Real-world Machine Learning applied at enterprise data involves complex feature engineering steps. Flat tables are seldom sufficient to represent all the information needed to produce insights or predictions. Although, flat tables are good at capturing the static features within the training data, certain dynamic features are difficult to represent with flat tables. For instance, if you are trying to predict the probability of a user to churn, the flat table can represent the static attributes of the user such as age, geography, device, etc., however, dynamic features such as browsing activity, payment history, etc., cannot be captured easily using flat tables. Although you can manually engineer features for flat tables, but it is time consuming, error prone, and often does not allow ML algorithms to capture maximum information. This is where Abacus.AI's Nested Features comes into play. At the training stage, our AutoML and deep learning models are designed to extract maximum information from Feature Groups and Nested Feature Groups.

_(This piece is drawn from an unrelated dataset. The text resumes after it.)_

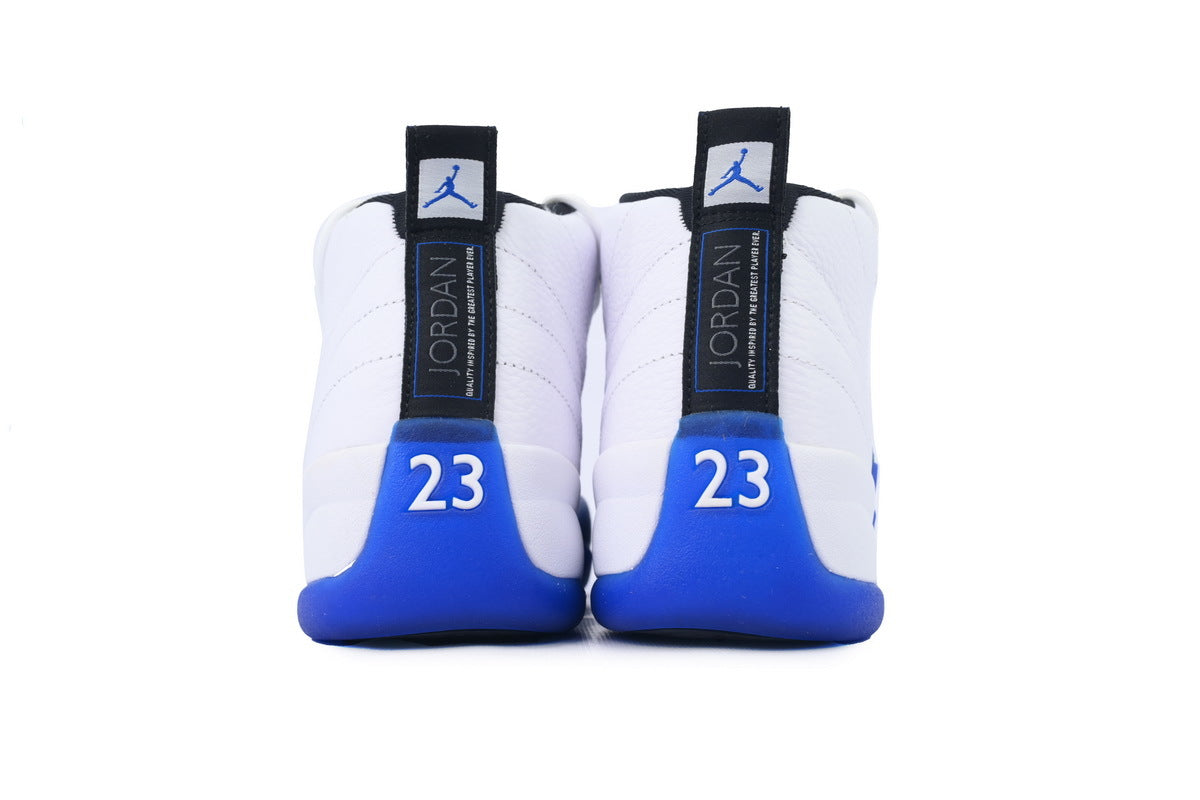 Nike Air Jordan 12 Retro Sneakers | EU 36–45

Let's say that you have two datasets, "user_info" and "interaction_data". The dataset "user_info" has several static features such as age, city, memberid, etc., and the dataset "user_interaction_data" has features like memberid, itemid, item_kept, category, etc. When you upload/attach these two datasets to your project, corresponding feature groups will be created for them with their respective table names as entered by you. Now, to take advantage of the user data as well as all the interaction data that the user has with the items in the catalog, you would nest the user_info feature group with an additional feature such that the "interaction_data" feature group will be encapsulated within your new feature. This is performed with the help of a simple "Using Clause". You can also specify a "Where Clause" and an "Order by Clause" for the join. Thus, interaction_data will be treated as Nested Feature Group for the user_info feature group.
The first step is to click on the "Feature Groups" tab at the left navigation and select the "Features" sub-tab. Make sure that you have selected the user_info feature group at the top. Next, Click on the "Add Nested Feature" button. Enter the name of the feature group, the table to be referenced for creating the nested feature group (interaction_data for the current example), and the column/feature to be used under "Using Clause" as shown below:
Click on the "Add Nested Feature" button. You will find your nested feature as the bottom-most feature:
You can visualize the data within this feature group by materializing the feature group. Click on the "Materialize Latest Version" button and wait for the process to finish. Once it finishes, click on the "View" button under the "Data" column of the feature group version to visualize the data:
Notice the downward pointing arrow on the rows. Click on any of them to see the nested feature group data for that row:
Scroll right to see other columns:
This is how the nested feature group helps make it effective and efficient to represent the dynamic nature of the ML features and makes it possible for the ML algorithms to get the most out of the complex real-world data.